:: What to work on ::
Copy each line in the data below that contains the word "photo".

:: Task data ::
:::::
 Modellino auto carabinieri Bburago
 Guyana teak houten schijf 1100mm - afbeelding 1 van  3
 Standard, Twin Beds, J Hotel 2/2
:::::
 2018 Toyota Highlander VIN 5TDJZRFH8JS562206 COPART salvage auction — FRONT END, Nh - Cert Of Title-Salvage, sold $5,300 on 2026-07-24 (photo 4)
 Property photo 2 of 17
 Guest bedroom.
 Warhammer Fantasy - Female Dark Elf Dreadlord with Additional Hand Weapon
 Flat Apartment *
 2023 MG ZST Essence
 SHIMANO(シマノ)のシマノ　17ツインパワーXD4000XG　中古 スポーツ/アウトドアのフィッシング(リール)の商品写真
:::::
:: Final answer ::
 2018 Toyota Highlander VIN 5TDJZRFH8JS562206 COPART salvage auction — FRONT END, Nh - Cert Of Title-Salvage, sold $5,300 on 2026-07-24 (photo 4)
 Property photo 2 of 17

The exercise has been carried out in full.